J’ai appris à travailler le métal auprès de mon père. Alors que, haut comme trois pommes, je tournais la manivelle pour activer le feu de la forge, mon père m’a dit : « Si tu aimes ça, regarde-moi faire tout simplement. » C’est ce que j’ai fait. J’ai porté attention à chacun de ses mouvements.
Au début des années 1950, ma famille a émigré au Canada, où nous avons poursuivi la culture de la terre. J’ai aussitôt été attiré par la variété et la qualité de la machinerie agricole artisanale, et j’ai ainsi continué de travailler le métal. Au début des années 1960, mes créations à partir de métal trouvé ont été reconnues comme des sculptures porteuses d’une signification culturelle. Depuis, j’ai créé plusieurs milliers de sculptures métalliques de diverses grandeurs et aux thèmes variés que j’ai présentées dans de nombreuses expositions.
Je me lève tôt et je me mets au travail. Je m’acquitte de mes tâches, puis je me rends dans mon atelier.
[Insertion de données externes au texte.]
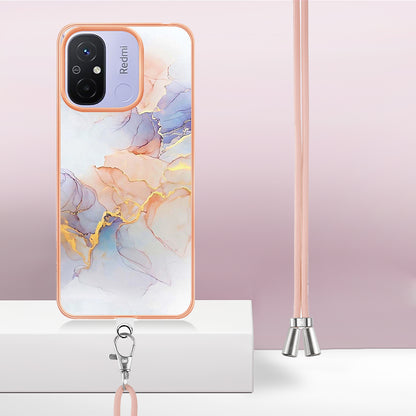 YB IMD Series-4 for Xiaomi Redmi 12C 4G / 11A 4G TPU Cell Phone Case Electroplating Marble Flower Pattern IMD Cover with Lanyard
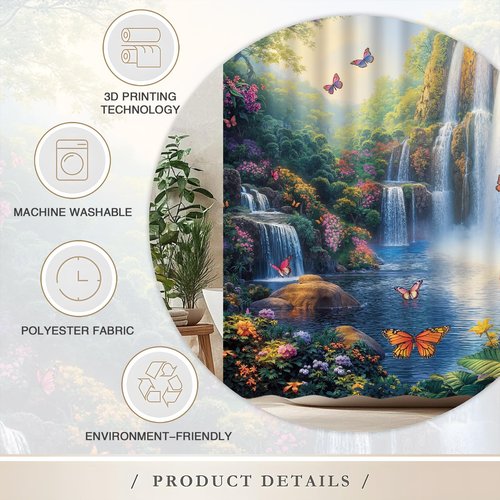 ZQANZQ Waterfall Shower Curtain Rustic Floral Butterfly Fantasy Forest Tropical Green Plant Lake Fairytale Spring Garden Nature Landscape Bathroom Decor Set with Hooks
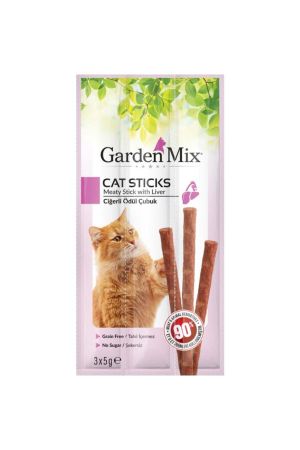 Garden Mix Ciğerli Stick Kedi Ödülü 3x5 15 Gr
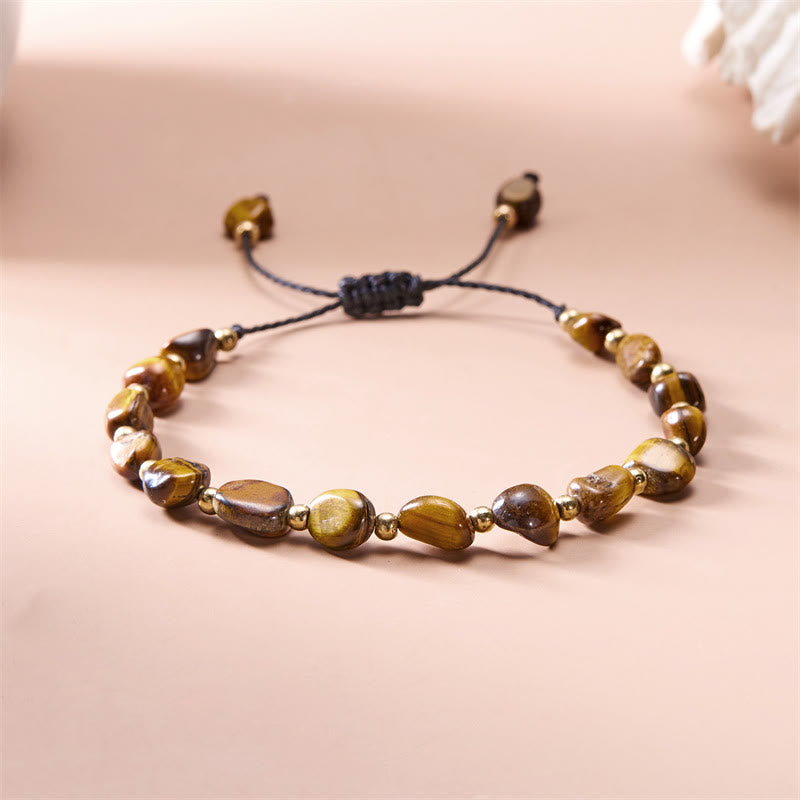 Olivenorma Natural Irregular Stone Beads Hand Woven Bracelet - Tiger Eye - image 5
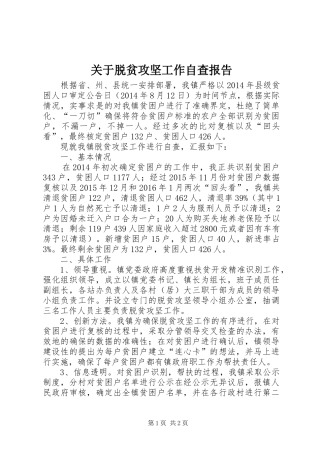 关于脱贫攻坚工作自查报告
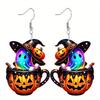 Серьги-подвески в виде привидения на Хэллоуин, акриловые серьги из нержавеющей стали, классический мультяшный стиль, отлично подходят для круглогодичного использования, вечеринок и праздников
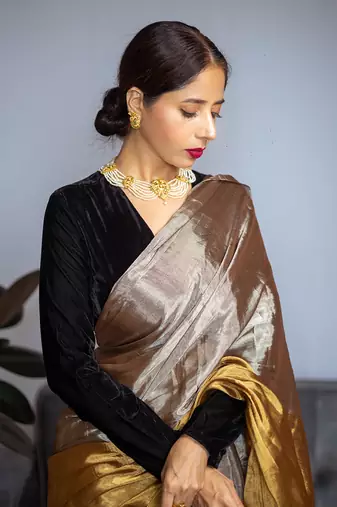 Dark gold handwoven saree set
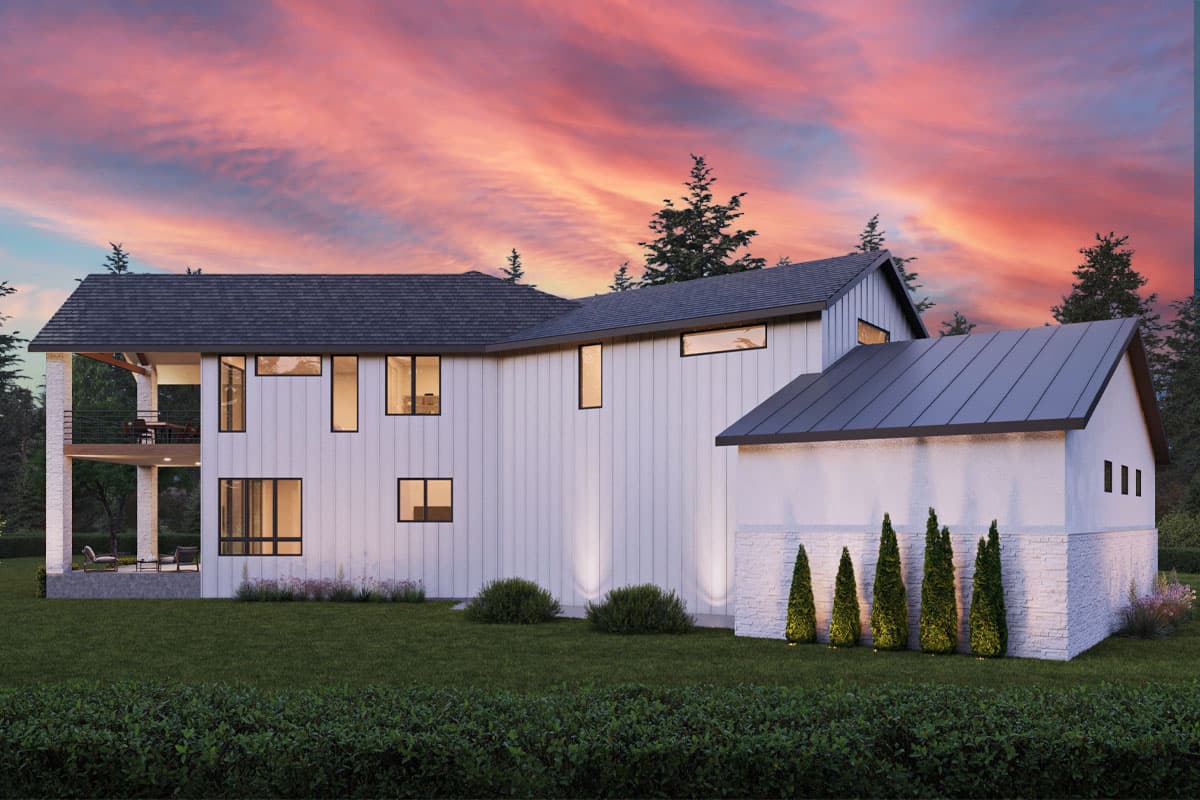 House plan exterior: Modern style, two stories, white vertical siding, prominent gables, and a covered balcony.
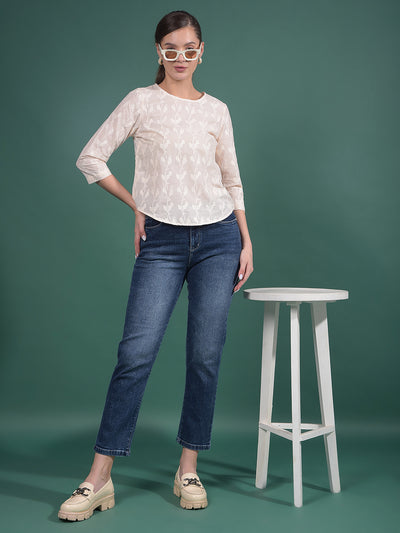 Peach Embroidered 100% Cotton Top-Women Tops-Crimsoune Club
Quand on a été élevé sur une ferme, on n’a pas le choix de se lever tôt : il faut s’occuper des animaux. On doit y consacrer beaucoup d’heures. Aussi, je n’ai pas perdu cette habitude ancrée dans l’enfance. J’aime ce rythme de vie. Il faut faire attention aux choses, les entretenir pour les conserver.
Je possède l’enclume de mon frère. C’est rare de trouver une enclume comme celle-ci avec un anneau. Parfois, quand j’entre dans l’atelier et qu’il m’arrive de ne pas avoir envie de sculpter ou que je ne sais pas trop quoi créer, je frappe l’enclume. Le son que cela produit me met dans le ton. Je passe ensuite à la sculpture. Parfois, il faut user de ruse pour se mettre à la tâche.
J’ai toujours des visiteurs. Je leur montre différentes choses. Ils peuvent avoir du mal à souder les éléments. Comme je suis assez bon en soudure, je leur apprends comment faire. Parfois, nous passons une demi-journée, voire une journée entière à revoir certaines techniques : comment river les éléments ensemble, comment les souder ou les façonner selon le cas. Je peux alors plier le métal, lui donner différentes formes, et cela donne des idées aux gens qui me regardent. Puis, je les laisse expérimenter et je les conseille pendant qu’ils travaillent le métal. C’est ainsi qu’ils apprennent sur le tas. Ils sont toujours très contents et me demandent toujours : « Est-ce que je peux revenir pour une autre séance? » Je leur réponds : « Bien sûr! N’importe quand. Je me réserverai du temps pour vous. »
Extrait d’une entrevue de 2017.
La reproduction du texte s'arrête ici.